What to produce
Your answer should be one number: the count of lines in the records that include the word "sale".

[Crawled caption data]
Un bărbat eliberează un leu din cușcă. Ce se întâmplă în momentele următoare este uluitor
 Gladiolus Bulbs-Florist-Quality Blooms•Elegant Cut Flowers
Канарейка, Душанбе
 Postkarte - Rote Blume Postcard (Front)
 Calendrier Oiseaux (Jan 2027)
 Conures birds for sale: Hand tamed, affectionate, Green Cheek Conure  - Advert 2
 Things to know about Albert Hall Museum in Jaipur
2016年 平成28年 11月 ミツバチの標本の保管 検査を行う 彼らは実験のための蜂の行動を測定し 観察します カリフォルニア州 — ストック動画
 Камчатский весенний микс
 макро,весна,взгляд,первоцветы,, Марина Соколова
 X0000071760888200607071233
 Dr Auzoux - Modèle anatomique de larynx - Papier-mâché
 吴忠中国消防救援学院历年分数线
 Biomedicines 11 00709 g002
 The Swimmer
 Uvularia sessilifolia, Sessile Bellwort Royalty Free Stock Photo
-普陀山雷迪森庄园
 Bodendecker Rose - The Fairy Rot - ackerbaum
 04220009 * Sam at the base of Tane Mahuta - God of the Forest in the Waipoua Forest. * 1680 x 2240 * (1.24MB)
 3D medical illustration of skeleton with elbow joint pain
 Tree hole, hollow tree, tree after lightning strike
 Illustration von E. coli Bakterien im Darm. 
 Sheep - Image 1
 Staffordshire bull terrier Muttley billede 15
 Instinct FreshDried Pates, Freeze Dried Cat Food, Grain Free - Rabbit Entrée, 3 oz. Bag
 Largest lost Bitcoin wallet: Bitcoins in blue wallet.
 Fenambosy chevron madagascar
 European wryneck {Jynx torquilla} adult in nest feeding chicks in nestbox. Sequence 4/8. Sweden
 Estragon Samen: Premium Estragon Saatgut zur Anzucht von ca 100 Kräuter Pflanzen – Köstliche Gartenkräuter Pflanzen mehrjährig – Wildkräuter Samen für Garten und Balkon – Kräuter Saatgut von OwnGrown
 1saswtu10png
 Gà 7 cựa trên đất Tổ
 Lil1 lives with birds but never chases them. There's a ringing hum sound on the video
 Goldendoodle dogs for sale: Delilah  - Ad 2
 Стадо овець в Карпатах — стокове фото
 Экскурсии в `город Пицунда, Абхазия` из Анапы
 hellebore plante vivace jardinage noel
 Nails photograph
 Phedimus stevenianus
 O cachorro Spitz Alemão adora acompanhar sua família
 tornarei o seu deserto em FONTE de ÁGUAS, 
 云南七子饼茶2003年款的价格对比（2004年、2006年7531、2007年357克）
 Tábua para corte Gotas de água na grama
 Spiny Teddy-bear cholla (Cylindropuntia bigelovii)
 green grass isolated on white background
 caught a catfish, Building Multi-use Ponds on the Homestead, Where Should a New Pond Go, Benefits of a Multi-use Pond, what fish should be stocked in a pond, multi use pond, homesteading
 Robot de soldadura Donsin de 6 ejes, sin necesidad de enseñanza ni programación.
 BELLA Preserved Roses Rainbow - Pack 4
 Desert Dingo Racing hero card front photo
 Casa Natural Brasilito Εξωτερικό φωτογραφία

Answer box
2